A DISABLED man living with muscular dystrophy has warned that London’s lack of specialist care could leave him “fighting for his life”.

Sulaiman Khan, of Spring Gardens, Woodford Green, requires 24-hour care to help him cope with effects of his genetic muscle-wasting condition.

Having muscular dystrophy and scoliosis means he is unable to walk, wash, dress or feed himself, and his weakened immune system makes him extremely vulnerable to chest infections, pneumonia and other illnesses.

Aside from the help of his eight carers, the 31-year-old’s care package only allows him appointments with specialist clinical nurses every six months.

In other parts of the country, NHS trusts employ expert care advisors who can bridge the gaps between those appointments, offering vital practical, mental health and community support.

In the south west of England, there are four expert care advisors for the 6,000 people living with muscle-wasting conditions like Sulaiman’s, three for 6,000 in Yorkshire, and three for 5,000 in the east midlands.

In London there are 9,000 people living with rare complex conditions like Sulaiman’s, but there are no expert care advisors at all.

Sulaiman said: “A care advisor is one person you can go to for anything and everything, who understands your condition and your history.

“Not having one means outside of my clinical appointments, there is no one to help me, which is extremely hard to cope with, as my health can deteriorate rapidly between those visits.

“I’m afraid being so dangerously ill without that specialised care could leave me fighting for my life.”

Sulaiman claims that although his GP can be very helpful, getting an appointment can take up to three days, by which time a chest infection could have left him unable to breathe.
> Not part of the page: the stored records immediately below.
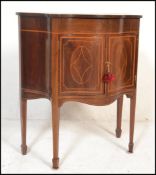 An Edwardian mahogany inlaid serpentine fronted side cabinet / work table. The hinged top with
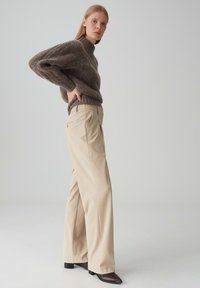 Beige wijde broek met hoge taille, gecombineerd met een gestructureerde grijze trui en dark enkelboots. Gladde stof en een ontspannen ontwerp.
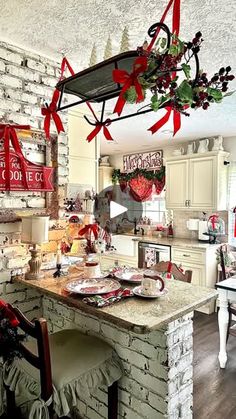 the kitchen is decorated for christmas with red bows and decorations hanging from the ceiling over the island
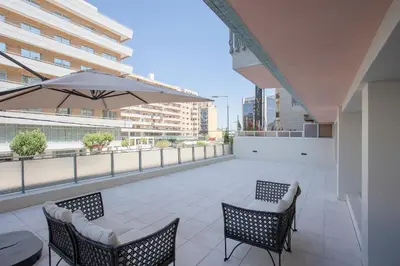 a balcony with two chairs and a table and an umbrella at Allegro Boutique Apartments by Liiiving in Porto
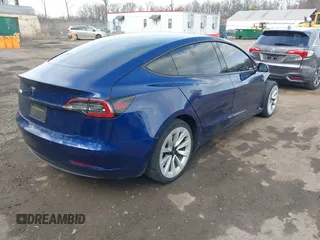 2022 Tesla Model 3 with VIN 5YJ3E1EA7NF188417, listed as a IAAI auction lot 41885623 with 105,457 mi miles and . Bid and sale history available at DreamBid. Image 4.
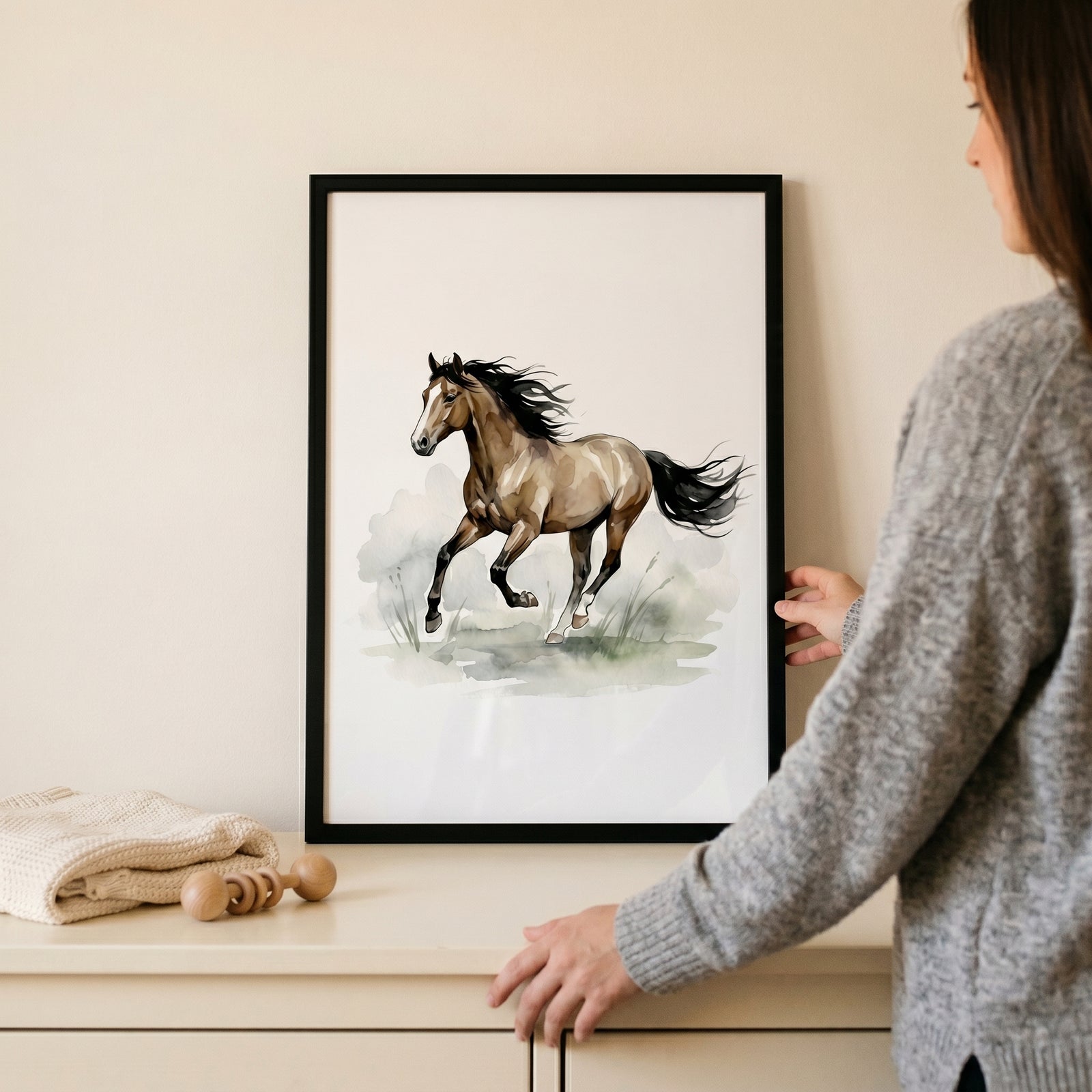 A person holds a framed galloping brown bay horse wall art piece above a dresser with a wooden baby rattle.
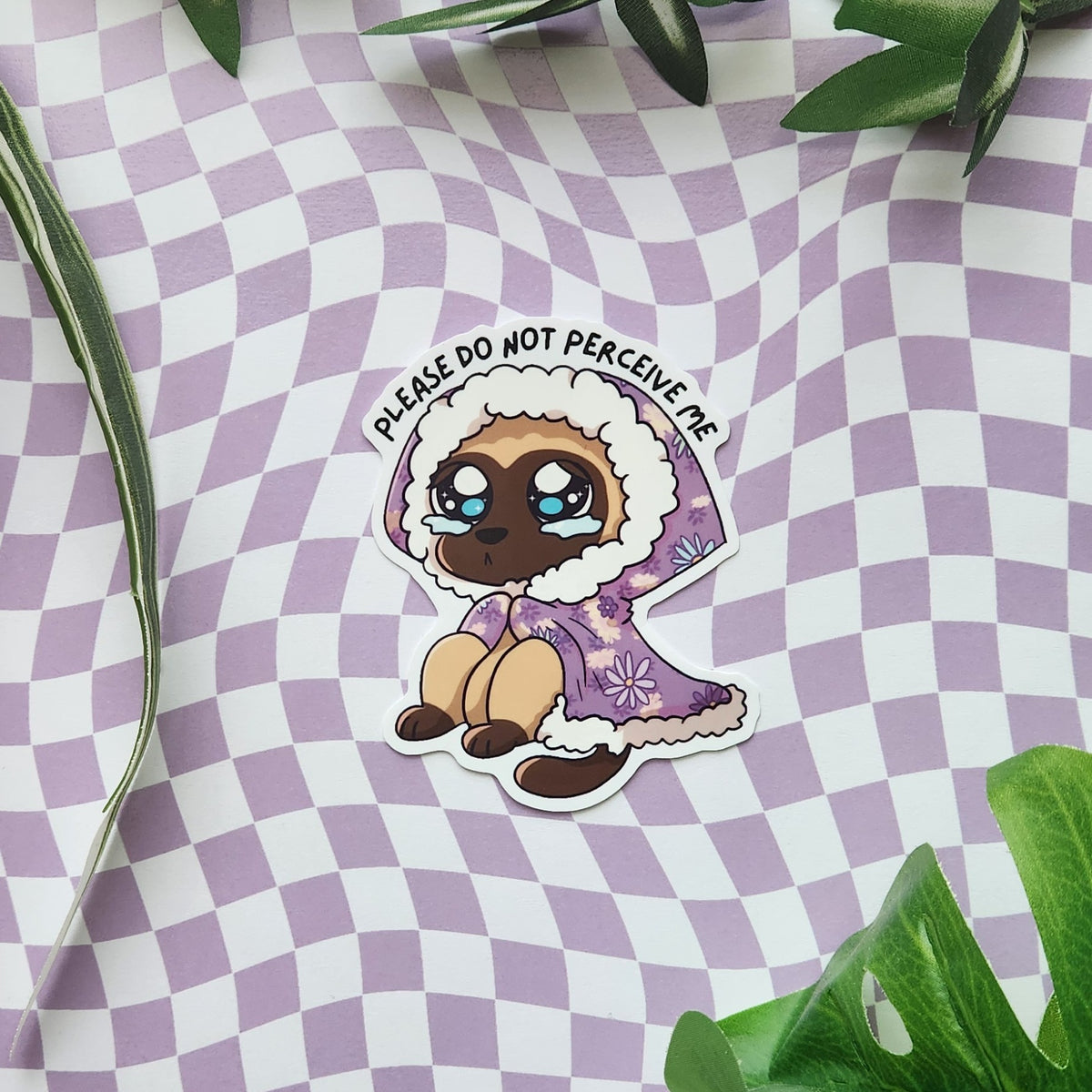 A die-cut sticker featuring a crying cartoon cat in a purple floral cloak with the text 'PLEASE DO NOT PERCEIVE ME' arched above its head, displayed on a lavender and white checkered surface with green leaves.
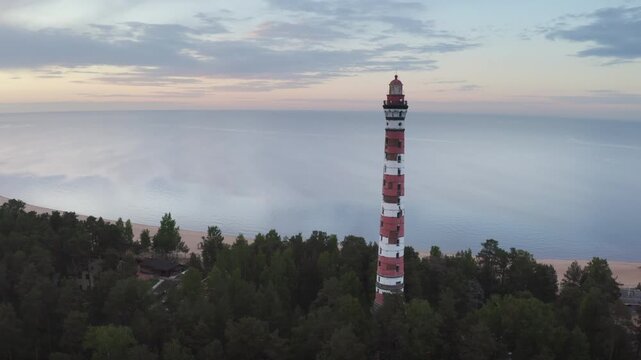 Panoramic aerial shot of Osinovetsky lighthouse and Ladoga lake on summer sunset. Ladozhskoye Osero village, Leningrad Oblast, Russia.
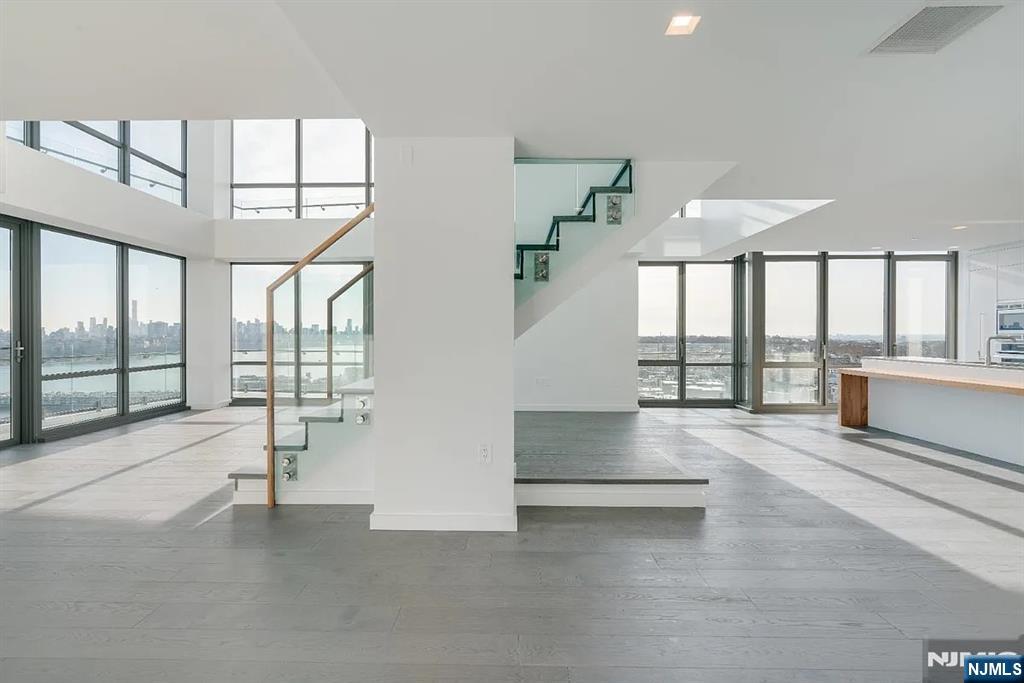 320 Adolphus Avenue, Unit 316 Cliffside Park, NJ 07010 - Photo 3 of 34 a view of an entryway with a floor to ceiling window and an empty room
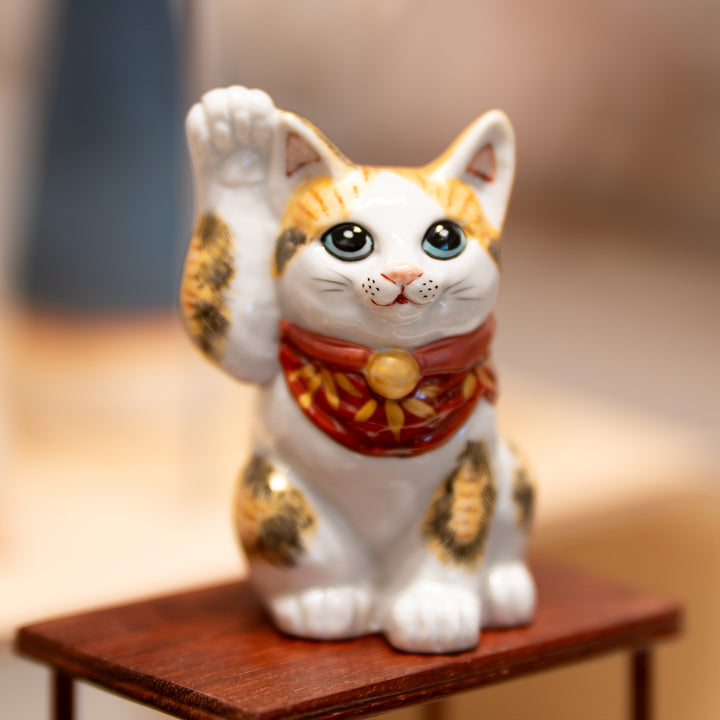 A hand-painted Maneki Neko figurine with a black glaze, featuring a detailed depiction of Mount Fuji, waves, a turtle, and a crane. The figurine has a red neckerchief and gold accents.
He said: “Nationally care is pretty good, but at a local, community level it’s very patchy and inconsistent.

“I try to avoid going to my local A&E, because I have had some very bad experiences there in the past.

“In 2008 I caught pneumonia for the fifth time in 17 years and had to go to Whipps Cross Hospital.

“They didn’t seem to understand my needs or my condition at all, so now I see going there as a risk in itself.”

Sulaiman claims that over 15 days in the Leytonstone hospital’s intensive care unit, he developed vomiting and diarrhoea, was given oxygen that damaged his lungs, and when he asked to be turned over at 2am, was refused because “the ward sisters needed their rest”.

He added: “I’m aware that my care package is paid for by the tax payer and I am incredibly grateful, but expert care advisors are a necessity for people like me, not a luxury.

“We are the most vulnerable people in society – someone needs to say enough is enough.”

Sulaiman is working with Muscular Dystrophy UK to get three expert care advisors employed across central London’s major NHS trusts.

The charity’s director of campaigns, care and information Nic Bungay claims the “unacceptable” lack of care advisors is costing the NHS £10.1 million in emergency admissions every year.

He said: “This is an unacceptable situation.

“Hospitals waste vast sums on avoidable emergency care, while patients are left struggling alone until they are rushed to hospital, and suffer physical and psychological effects as a result.

“Funding for these key roles are vitally needed and we hope we can work with trusts to rectify the situation.”

He said a meeting with King’s College Hospital NHS Foundation Trust this week, has got things “moving in the right direction”.

Sulaiman added: “The mental health support of a care advisor alone is extremely important.

“Just having a condition like mine has a lot of mental health implications.

“After I graduated in 2012 it took me three years to find a job – that in itself was very depressing and frustrating.

“When I go out it’s hugely stressful when I can’t get into a bar or venue because of my wheelchair.

“I just want to live my life like any other person.”

A spokesman for Barts Health said: "We apologise to Mr Khan for the poor care he received at Whipps Cross Hospital in 2008. Since then we have made significant changes.

"We have put in place a local leadership team to quickly respond to any concerns raised and recruited more permanent nurses.

"Our teams will always strive to meet the wishes of patients and their families while ensuring that the care provided is safe and appropriate.

"We will continue working with Muscular Dystrophy UK to evaluate all options to provide the best care possible for our patients."

The Royal Free Hospital Trust said: "In the last few months, the Royal Free London has begun offering a service to muscular dystrophy  and other patients moving from children’s to the adult’s  service who require respiratory support. 

"These patients will be regularly reviewed by a specialist team who they can also contact for advice."

King’s College Hospital Trust added: "We recognise the need for enhanced support required by patients with muscular dystrophy, and we will be recruiting a Care Coordinator to help manage the clinical aspects of patient care.

"The Care Coordinator will act as a main point of contact for patients; providing extra support with booking outpatient appointments, co-ordinating tests and inpatient admissions, and signposting patients to other sources of support."